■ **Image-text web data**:
++++++++++
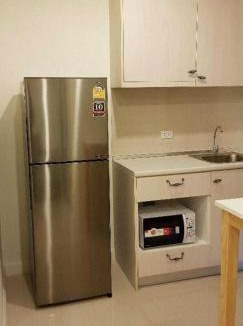 Bang Kra So Apartment | Mari Space Riverview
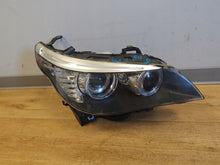 Laden Sie das Bild in den Galerie-Viewer, Frontscheinwerfer BMW E60 E61 7177740-06 Xenon Rechts Scheinwerfer Headlight SCH4386406298xf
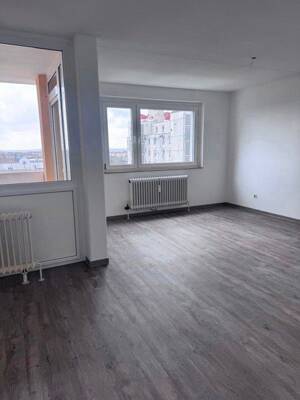 Da kommt man gern Heim. individuelle 2-Zimmer-Wohnung – 97084 Würzburg – Vorschaubild 4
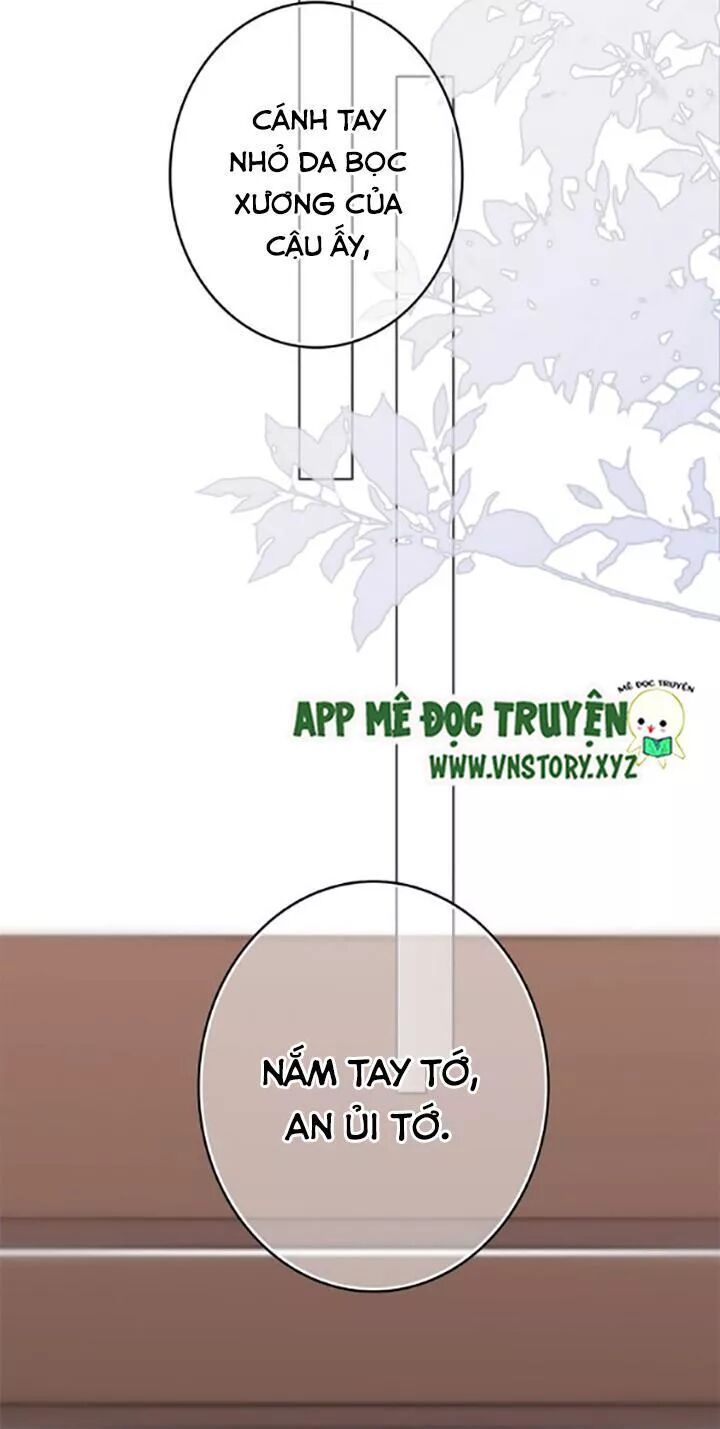 con tim rung động 2 chapter 91 8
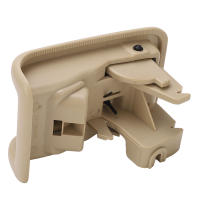 Cierre De Asiento Trasero Con Manija De Ajuste Para Toyota 4runner GX400 GX460 Land Cruiser Prado 72057 60130 Repuesto Original - details 9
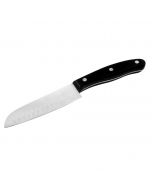 Couteau à découper Santoku Fit 26/13 cm - 43803 - FACKELMANN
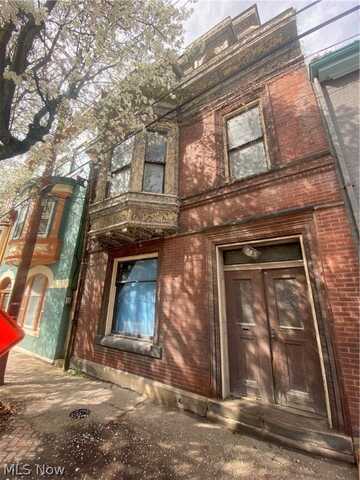 745 Main Street, Wheeling, WV 26003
++++++++++
■ **HOW TO COMPLETE THIS TASK**: The records above must be echoed exactly, minus their pictures.

■ **RESPONSE FOR THIS EXERCISE**:
 Bang Kra So Apartment | Mari Space Riverview
 Laden Sie das Bild in den Galerie-Viewer, Frontscheinwerfer BMW E60 E61 7177740-06 Xenon Rechts Scheinwerfer Headlight SCH4386406298xf
 Da kommt man gern Heim. individuelle 2-Zimmer-Wohnung – 97084 Würzburg – Vorschaubild 4
 con tim rung động 2 chapter 91 8
 Cierre De Asiento Trasero Con Manija De Ajuste Para Toyota 4runner GX400 GX460 Land Cruiser Prado 72057 60130 Repuesto Original - details 9
 Couteau à découper Santoku Fit 26/13 cm - 43803 - FACKELMANN
 745 Main Street, Wheeling, WV 26003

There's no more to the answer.